Investors increasingly are hiding in large-caps. The S&P 500 large cap index Monday reached a new all-time high, while the S&P 600 small cap index closed Tuesday 16 percent off its all-time high from last August. Stocks are rallying but risk-on vibes are missing in action.
US stocks in general had an excellent June. July got off to a good start as well. The S&P 500 rallied 0.8 percent Monday to a new intraday high of 2977.93, with a new closing high of 2973.01 on Tuesday. But underneath this feel-good story lurks lagging performance by mid- and small-cap stocks.
The S&P 400 mid cap index peaked last August at 2053.06 and closed Tuesday at 1946.19, down 5.2 percent from that high. The S&P 600 small cap index (948.46) peaked last August as well, at 1100.58; it is currently 13.8 percent from that high. The other major small cap index, the Russell 2000 small cap index, is down 10.4 percent from its August 2018 high.

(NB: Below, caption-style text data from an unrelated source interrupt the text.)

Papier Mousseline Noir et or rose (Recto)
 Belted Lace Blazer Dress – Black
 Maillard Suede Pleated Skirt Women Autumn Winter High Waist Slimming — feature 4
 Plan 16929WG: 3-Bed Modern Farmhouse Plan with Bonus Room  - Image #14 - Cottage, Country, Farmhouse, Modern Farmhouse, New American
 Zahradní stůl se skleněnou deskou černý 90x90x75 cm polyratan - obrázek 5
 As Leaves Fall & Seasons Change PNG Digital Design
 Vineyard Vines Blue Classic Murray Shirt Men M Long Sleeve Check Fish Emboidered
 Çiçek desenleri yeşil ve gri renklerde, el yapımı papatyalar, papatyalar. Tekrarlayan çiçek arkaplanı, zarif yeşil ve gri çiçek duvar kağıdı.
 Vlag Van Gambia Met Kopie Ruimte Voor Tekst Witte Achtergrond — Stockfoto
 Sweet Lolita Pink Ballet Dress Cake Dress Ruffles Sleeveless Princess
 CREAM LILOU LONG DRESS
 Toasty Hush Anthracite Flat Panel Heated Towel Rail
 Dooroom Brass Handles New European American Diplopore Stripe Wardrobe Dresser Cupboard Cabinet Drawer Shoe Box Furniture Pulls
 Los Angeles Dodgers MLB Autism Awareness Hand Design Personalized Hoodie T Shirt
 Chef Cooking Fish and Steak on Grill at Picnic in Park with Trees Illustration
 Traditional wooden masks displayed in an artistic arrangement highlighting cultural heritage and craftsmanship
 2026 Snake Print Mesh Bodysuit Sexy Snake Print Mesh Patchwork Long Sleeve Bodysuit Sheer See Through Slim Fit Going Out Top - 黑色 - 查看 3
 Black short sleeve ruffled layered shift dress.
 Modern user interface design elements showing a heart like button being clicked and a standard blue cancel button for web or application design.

The performance difference in these two indices is due to their respective makeup, but both are lagging. IWM (iShares Russell 2000 ETF) tracks the Russell 2000.
Since January last year, 160-161 on IWM (155.15) has proven to be an important price point (Chart 1). In May that year, the ETF broke out on its way to August’s all-time high of 173.39. In October, it lost that support, followed by several unsuccessful attempts. It is still 10.5 percent from that high. Bulls need to reclaim this level to at least try to regain momentum.
Chart 2 nicely captures the prevailing aversion to small-caps, using the P/E lens for S&P 500/400/600 companies. Typically, small-caps tend to trade at a higher multiple than mid-caps and mid-caps higher than large-caps. On 2020 estimates, however, there is a role reversal, with the S&P 600 trading at 14.9x, the S&P 400 at 15.1x and the S&P 500 at 16.2x.
The revision trend for estimates has been down for all three.
In March, S&P 500 companies next year were expected to earn $186.36 in operating earnings, which has now been revised lower to $184.01. Between January and now, S&P 400 companies’ 2020 estimates went from $136.71 to $128.72 and between February and now S&P 600 companies’ from $67.63 to $63.60. Thus far, small-caps’ 2020 estimates have been revised lower by six percent and large-caps’ by 1.3 percent. Markets are voting the downward revision trajectory continues, hence suppressed multiple for the S&P 600.
Buy-and-hold types will struggle in times like this. Nimble traders can still do well. After rallying for four straight weeks, IWM is down 0.2 percent week-to-date. Immediately ahead, this likely continues. Monday, the ETF at one time was up 1.6 percent but bulls were unable to hang on to the gains closing up merely 0.4 percent. Tuesday, it shed 0.6 percent, even as most other major equity indices rallied. Large-caps are making new highs, but not amidst risk-on sentiment.